Pour l’entreprise qui emploie des concessions « B », le processus est quasiment identique, mais n’ayant aucun lien direct avec la commune, la marge de manœuvre du patron est plus grande.
Les tarifs en vigueurs permettent tout juste aux patrons de s’en sortir et aux employés d’avoir des salaires qu’aucunes conventions collectives n’accepteraient. Excepté chez Denner, peut-être, ou dans une usine Mattel perdue quelque part dans le Sud-Est asiatique.

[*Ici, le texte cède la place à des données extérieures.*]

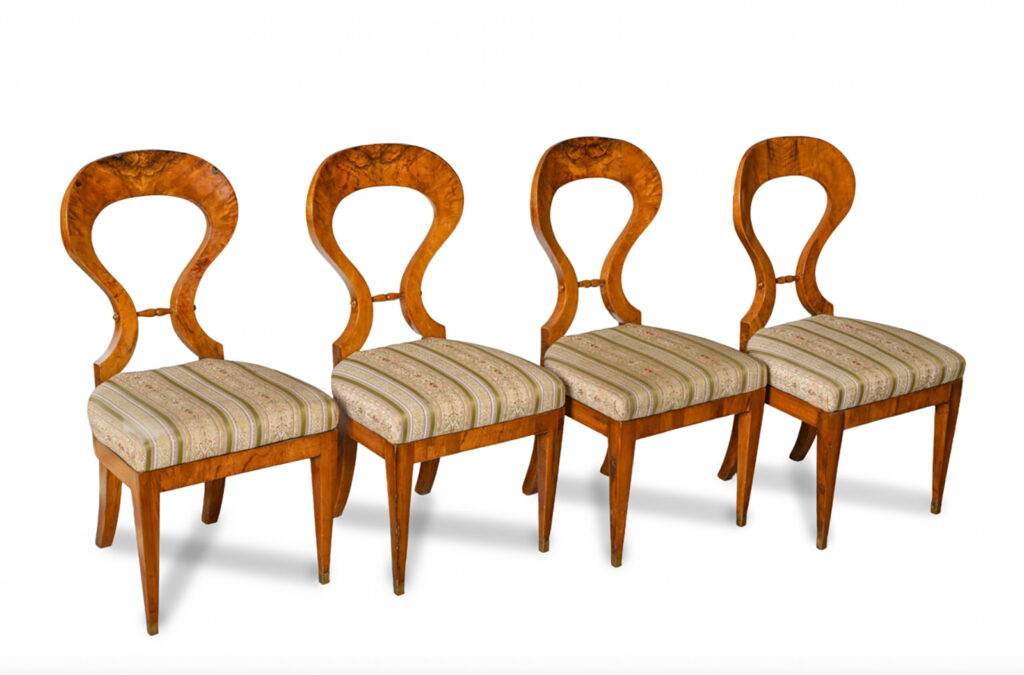 A Suite of Four Biedermeier Side Chairs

Ce qui n’empêche pas que le taxi en Suisse, c’est cher. C’est vrai. Les raisons de cette cherté sont à chercher dans les ‘’charges’’ qu’aucun patron d’entreprise de taxis ne peut externaliser. Donc encore moins les indépendants.
L’essence se paie au prix du marché et les concessionnaires automobiles ne sont pas très solidaires; l’expertise du véhicule est annuelle et les certificats tachygraphe/ taximètre sont à renouveler tous les deux ans.
Quant aux assurances autos, elles profitent, pour la grande majorité, du fait que le chauffeur gagne de l’argent avec son véhicule et justifient leurs tarifs plutoniques en disant qu’un véhicule qui est utilisé comme taxi, est plus sujet aux risques d’accidents qu’un autre. Raisonnement qui ne s’applique pas aux véhicules de livraisons ou de représentations.
Ce qui fait qu’une prime de base pour une assurance voiture en transport prof. de personnes avec responsabilité civile, casco partielle et un petit quelque chose pour les occupants et leurs affaires, se situe au-delà de 5'000 francs annuels. Ne reste qu’au chauffeur à faire hyper gaffe pour baisser son bonus à 30%.
Maintenant, en assurant cinq véhicules à la même assurance, vous pouvez bénéficier d’un rabais ‘’flotte’’. Autant dire que le nombre d’indépendants qui assurent deux véhicules pros, plus celui de son épouse et de ces deux enfants à la MMA Romande se comptent sur les doigts de la main d’un manchot lépreux.
Il devient donc de plus en plus fréquent, aujourd’hui, que les nouveaux indépendants se lancent avec une assurance auto toute simple. Soit une responsabilité civile.
A l’heure actuelle, le mot d’ordre pour chaque patron de taxi, d’une entreprise individuelle ou non, est de rogner sur les frais d’assurances et d’entretiens.
Tout ça parce que le business a chuté à cause d’une crise qui n’a pas existé.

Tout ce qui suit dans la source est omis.